Source data:
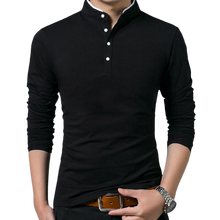Load image into Gallery viewer, Men  Stylish Cotton Long Sleeve Mandarin Collar T Shirt freeshipping - Tyche Ace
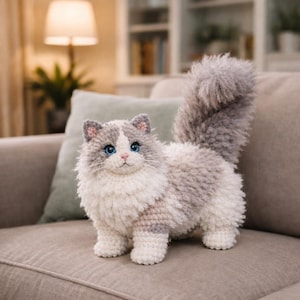 Puede incluir: Una figura de gato de ganchillo hecha a mano con un aspecto suave y texturizado. El gato presenta una combinación de colores gris y blanco, con ojos azules y una nariz rosa. El gato está sobre un sofá de color neutro.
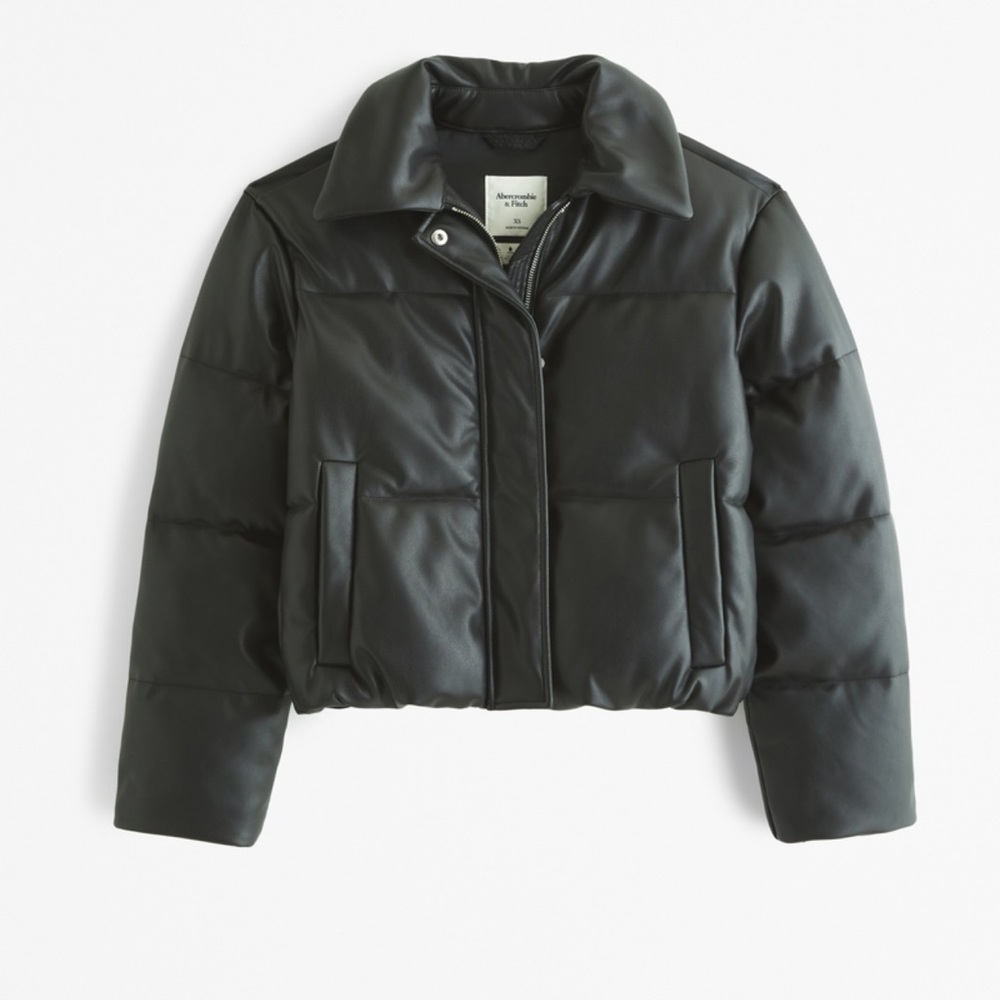 AF Vegan leather ultra puffer coat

Exercise: Everything in the material except the pictures should be restated word for word.

Written reply:
Load image into Gallery viewer, Men  Stylish Cotton Long Sleeve Mandarin Collar T Shirt freeshipping - Tyche Ace
 Puede incluir: Una figura de gato de ganchillo hecha a mano con un aspecto suave y texturizado. El gato presenta una combinación de colores gris y blanco, con ojos azules y una nariz rosa. El gato está sobre un sofá de color neutro.
 AF Vegan leather ultra puffer coat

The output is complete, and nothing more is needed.